Too many indexes slow down inserts and adds a little overhead to each SELECT because the query planner needs more effort to figure out which index to use.

What's is better for a members database?

Hi and thanx for reading my post i am having a little trouble learning my database in mysql.
Now i have it set up already but recently, but i had another person tell me my members table is slow and useless if i intend to have a lots of members!
I have looked it over a lot of times and did some google searches but i don't see anything wrong with it, maybe because i am new at it? can one of you sql experts look it over and tell me whats wrong with it please :)
--
-- Table structure for table `members`
--
CREATE TABLE IF NOT EXISTS `members` (
`userid` int(9) unsigned NOT NULL AUTO_INCREMENT,
`username` varchar(20) NOT NULL DEFAULT '',
`password` longtext,
`email` varchar(80) NOT NULL DEFAULT '',
`gender` int(1) NOT NULL DEFAULT '0',
`ipaddress` varchar(80) NOT NULL DEFAULT '',
`joinedon` timestamp NOT NULL DEFAULT CURRENT_TIMESTAMP ON UPDATE CURRENT_TIMESTAMP,
`acctype` int(1) NOT NULL DEFAULT '0',
`acclevel` int(1) NOT NULL DEFAULT '0',
`birthdate` date DEFAULT NULL,
`warnings` int(1) NOT NULL DEFAULT '0',
`banned` int(1) NOT NULL DEFAULT '0',
`enabled` int(1) NOT NULL DEFAULT '0',
`online` int(1) NOT NULL DEFAULT '0',
PRIMARY KEY (`userid`),
UNIQUE KEY `username` (`username`),
UNIQUE KEY `emailadd` (`emailadd`)
) ENGINE=MyISAM DEFAULT CHARSET=latin1 AUTO_INCREMENT=19 ;
--
-- Dumping data for table `members`
--
It's going to be a site for faqs/tips for games, i do expect to get lots of members at one point later on but i thought i would ask to make sure it's all ok, thanx again peace.

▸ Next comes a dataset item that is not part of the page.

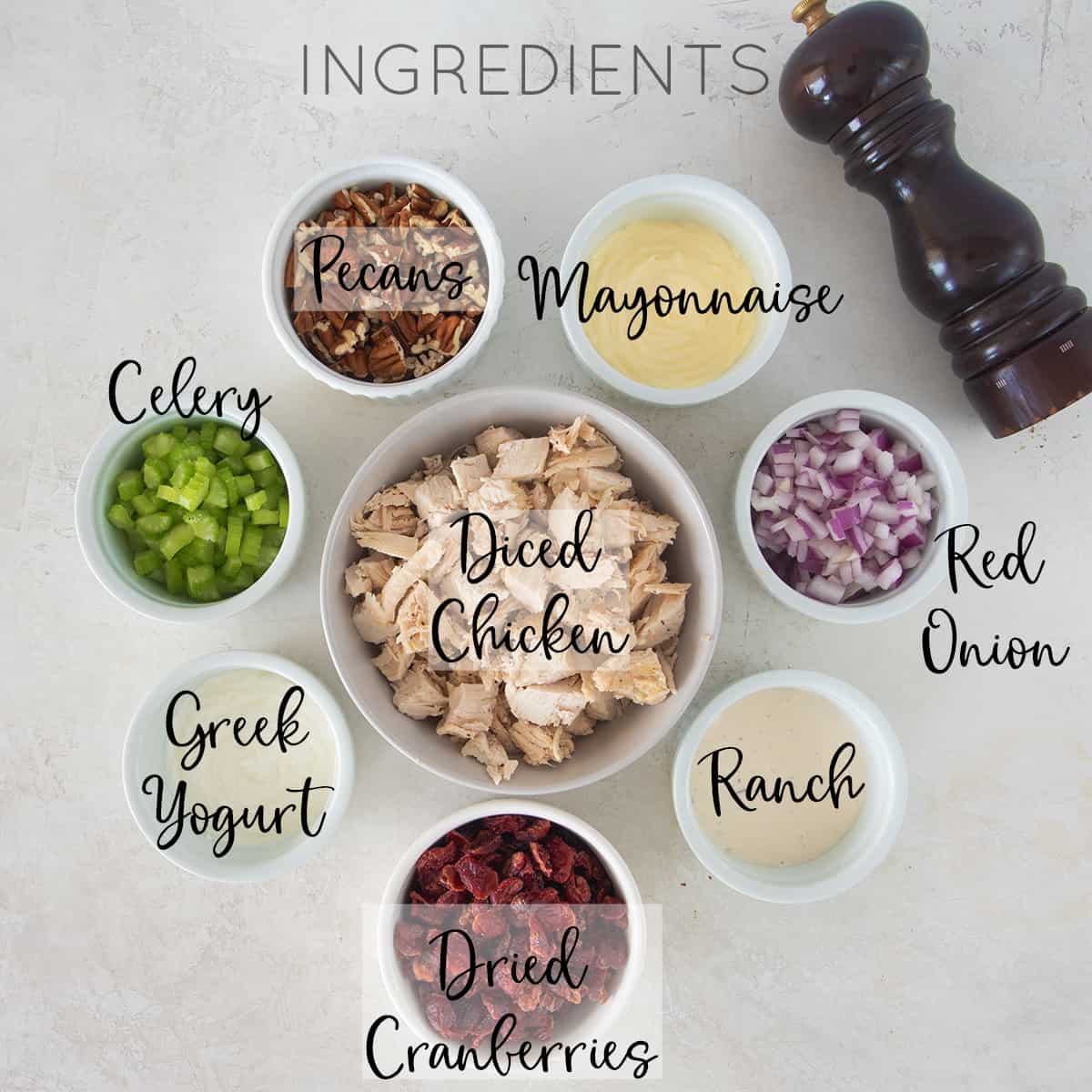 Ingredients for chicken salad with text labels.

Did the other person explain why they think it is slow and useless?
Here's a few things that I think could be improved:
email should be longer - off the top of my head, 320 should be long enough for most email addresses, but you might want to look that up.

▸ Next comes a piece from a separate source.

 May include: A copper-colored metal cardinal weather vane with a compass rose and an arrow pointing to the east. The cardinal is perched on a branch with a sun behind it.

If the int(1) fields are simple on/off fields, then they could be tinyint(1) or bool instead.
As #cularis points out, the ipaddress field might not be the appropriate type. INT UNSIGNED is better than varchar for IPv4. You can use INET_ATON() and INET_NTOA() for conversion. See:
Best Field Type for IP address?
How to store IPv6-compatible address in a relational database
As #Delan Azabani points out, your password field is too long for the value you are storing. MD5 produces a 32 character string, so varchar(32) will be sufficient. You could switch to the more secure SHA2, and use the MySQL 'SHA2()' function.
Look into using the InnoDB database engine instead of MyISAM. It offers foreign key constraints, row-level locking and transactions, amongst other things. See Should you move from MyISAM to Innodb ?.

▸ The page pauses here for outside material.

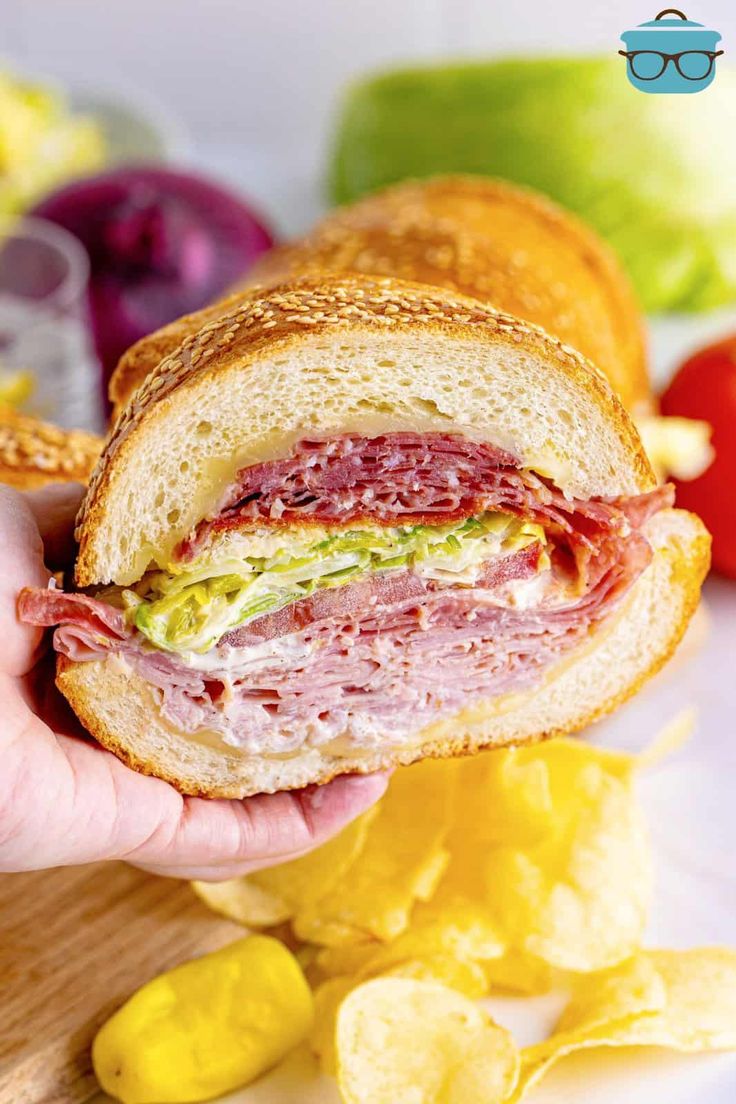 a person holding a sandwich in their hand with potato chips on the table next to it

I don't think it's necessarily slow, but I did notice that among all other text fields where you used varchar, you used longtext for the password field. This seems like you are going to store the password in the database -- don't do this!
Always take a fixed-length cryptographic hash (using, for example, SHA-1 or SHA-2) of the user's password, and put that into the database. That way, if your database server is compromised, the users' passwords are not exposed.
Apart from what #Delan said, I noted that;
JoinedOn column defined as ON UPDATE CURRENT_TIMESTAMP. If you need to maintain only the date joined, you should not update the field when the records been updated.
IPAddress column is VARCHAR(80). If you store IPv4 type IP addresses, this will be too lengthy.
Empty string ('') as DEFAULT for NOT NULL columns. Not good if intention is to have a value (other than '') on the field.
Empty string ('') as DEFAULT for UNIQUE Fields. This contradicts the contraints enforced if your intention is to have a Unique Value (other than '').